» The problem
Please output, exactly and without pictures, the lines from the opening of the listing below through the line containing "Rural acreage and", both included.

» Provided data

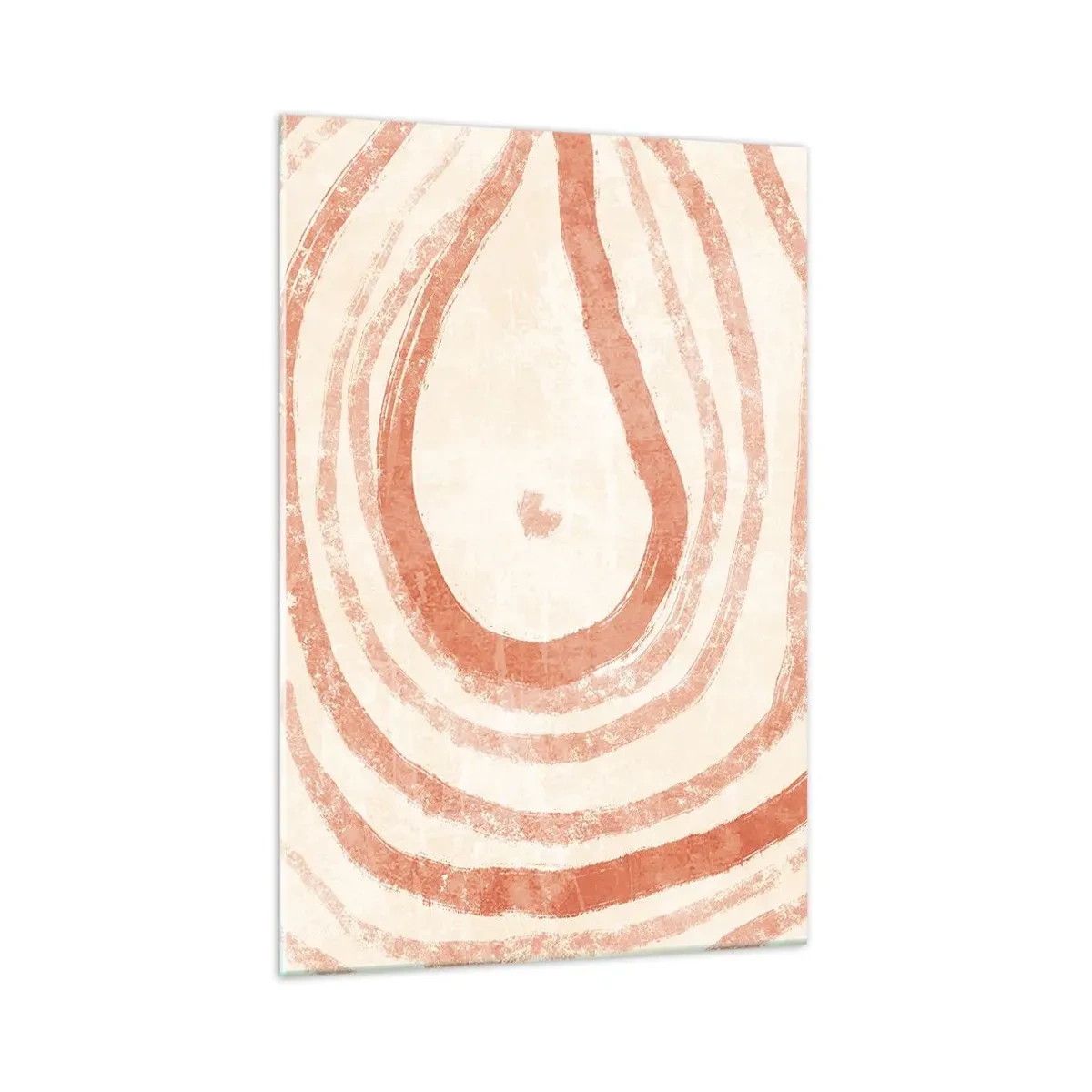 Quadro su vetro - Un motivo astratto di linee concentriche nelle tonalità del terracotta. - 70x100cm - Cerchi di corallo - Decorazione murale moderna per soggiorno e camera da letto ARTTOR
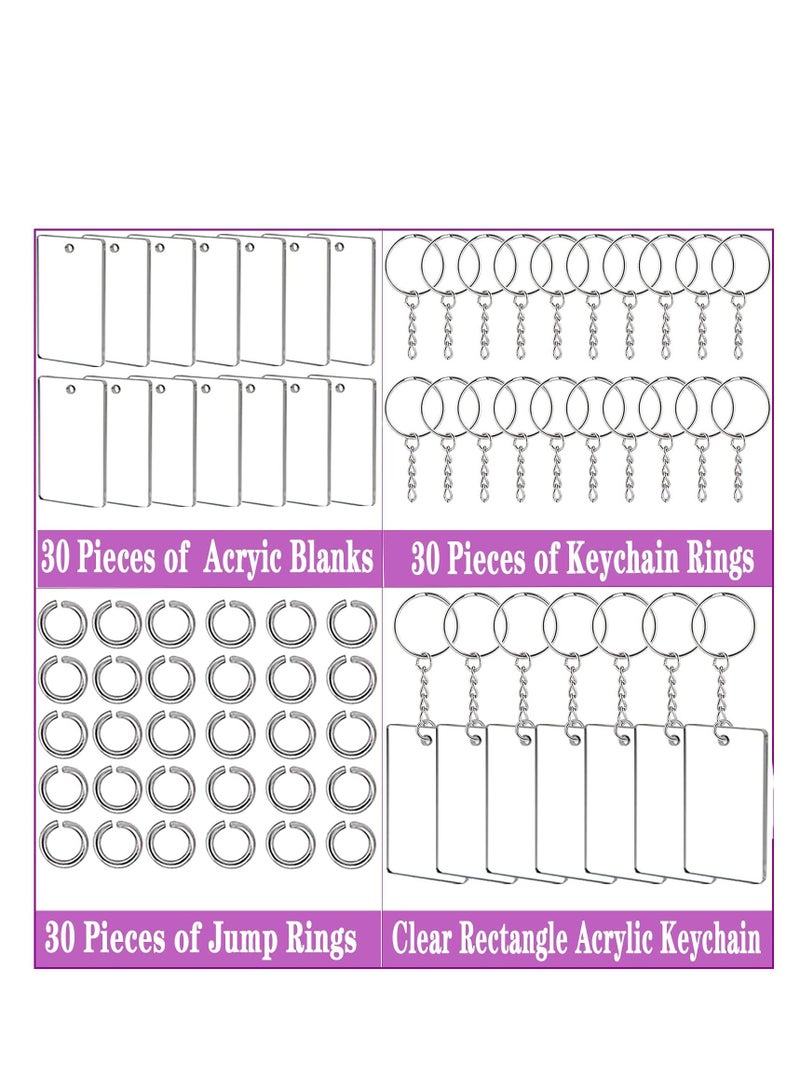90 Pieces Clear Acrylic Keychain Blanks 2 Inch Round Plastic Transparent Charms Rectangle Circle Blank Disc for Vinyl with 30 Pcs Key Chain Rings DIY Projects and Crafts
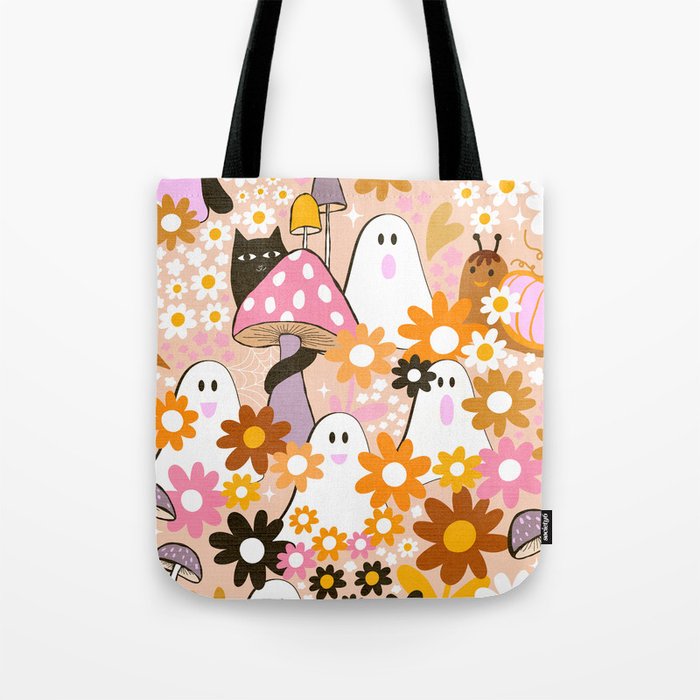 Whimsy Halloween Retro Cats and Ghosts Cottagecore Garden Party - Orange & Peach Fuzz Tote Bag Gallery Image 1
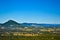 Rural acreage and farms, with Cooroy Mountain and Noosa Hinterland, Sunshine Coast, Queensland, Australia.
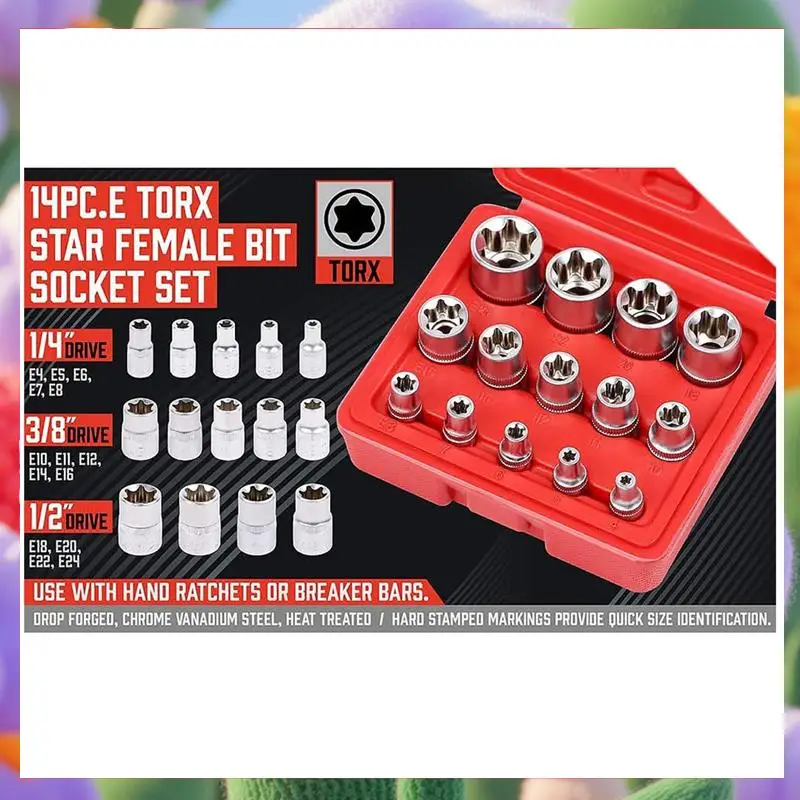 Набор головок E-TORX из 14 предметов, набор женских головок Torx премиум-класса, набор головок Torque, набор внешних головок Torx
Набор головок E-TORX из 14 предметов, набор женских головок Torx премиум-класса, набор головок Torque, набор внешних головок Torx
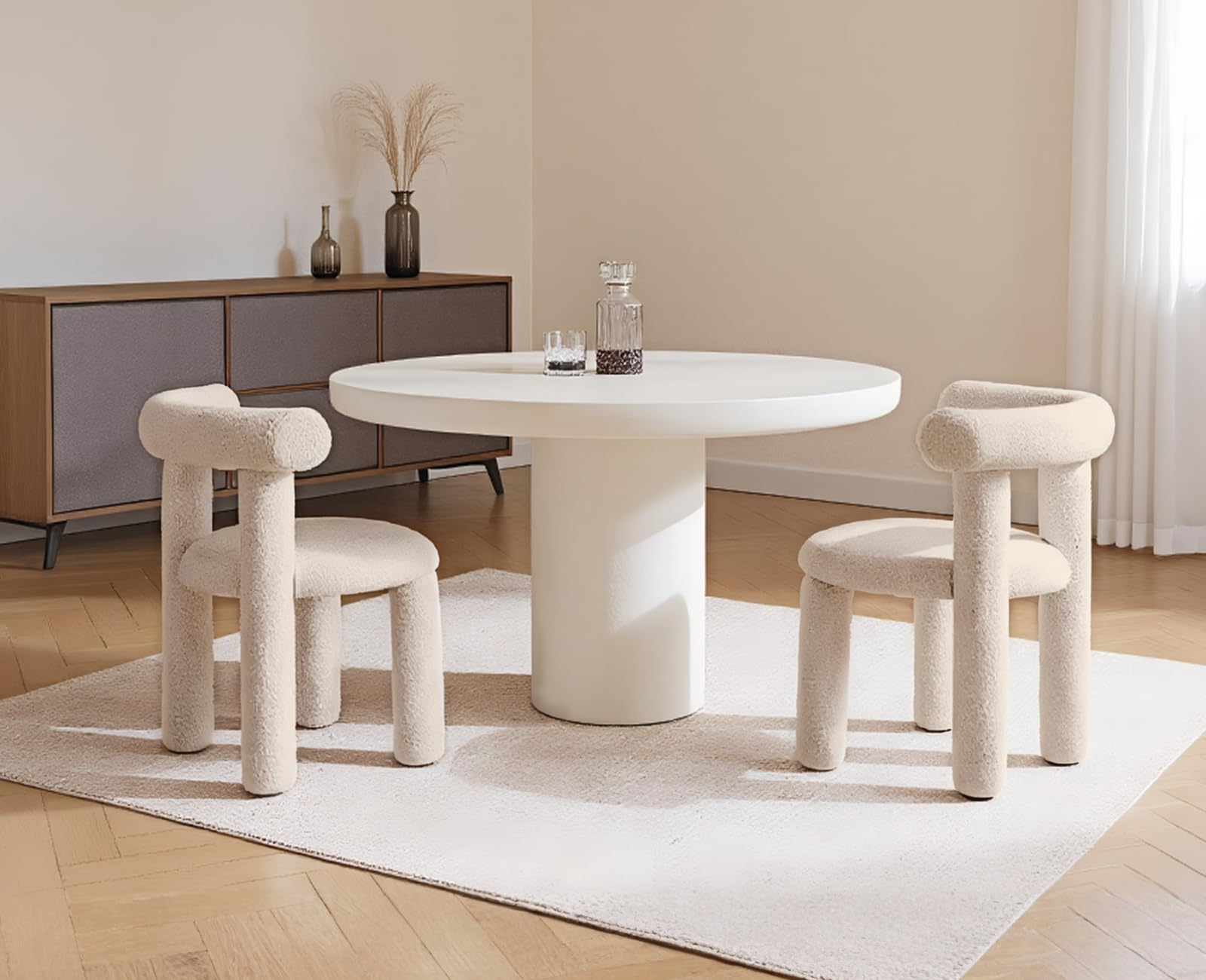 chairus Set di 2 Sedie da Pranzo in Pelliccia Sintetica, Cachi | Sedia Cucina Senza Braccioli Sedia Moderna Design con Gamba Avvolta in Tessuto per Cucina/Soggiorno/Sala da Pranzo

» Response
 Quadro su vetro - Un motivo astratto di linee concentriche nelle tonalità del terracotta. - 70x100cm - Cerchi di corallo - Decorazione murale moderna per soggiorno e camera da letto ARTTOR
90 Pieces Clear Acrylic Keychain Blanks 2 Inch Round Plastic Transparent Charms Rectangle Circle Blank Disc for Vinyl with 30 Pcs Key Chain Rings DIY Projects and Crafts
 Whimsy Halloween Retro Cats and Ghosts Cottagecore Garden Party - Orange & Peach Fuzz Tote Bag Gallery Image 1
 Rural acreage and farms, with Cooroy Mountain and Noosa Hinterland, Sunshine Coast, Queensland, Australia.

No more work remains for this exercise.